Adults can benefit from learning to structure their environment. This may involve using an appointment book, a personal computer, or tape recorder. Other strategies include making a daily list of tasks, posting schedules and appointments throughout the home or office, learning time management skills, and setting up a self-reward system.
Psychostimulant medications can be effective with adults who have ADD. Other medications, such as antidepressants can be helpful for treating substance abuse and depression, or when phobic, panic, anxiety and/or obsessive compulsive disorders are present.
A primary goal of therapy with an adult who has ADD is to build on success. Vocational counseling designed to identify employment well suited to the individual's strengths and skills can help to ensure success.
Other intervention strategies include: scheduling regular physical exercise, maintaining a sense of humor, eliminating negative self statements, avoiding, reducing or eliminating alcohol or drug use, enlisting a friend, relative or spouse to help finish tasks and remember commitments, and to provide feedback.

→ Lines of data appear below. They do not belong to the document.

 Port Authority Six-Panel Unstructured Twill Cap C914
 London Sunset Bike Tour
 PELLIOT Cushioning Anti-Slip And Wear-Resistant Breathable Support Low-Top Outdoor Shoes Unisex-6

Short-term psychotherapy can help the patient identify how his or her disability might be associated with a history of sub-par performance and difficulties in personal relationships.
Long-term psychotherapy can help address mood swings, stabilize relationships, and alleviate guilt and discouragement.
I suggest that you visit your Primary Care Physician to develop a strategy for further evaluation, diagnosis, and treatment of your problem.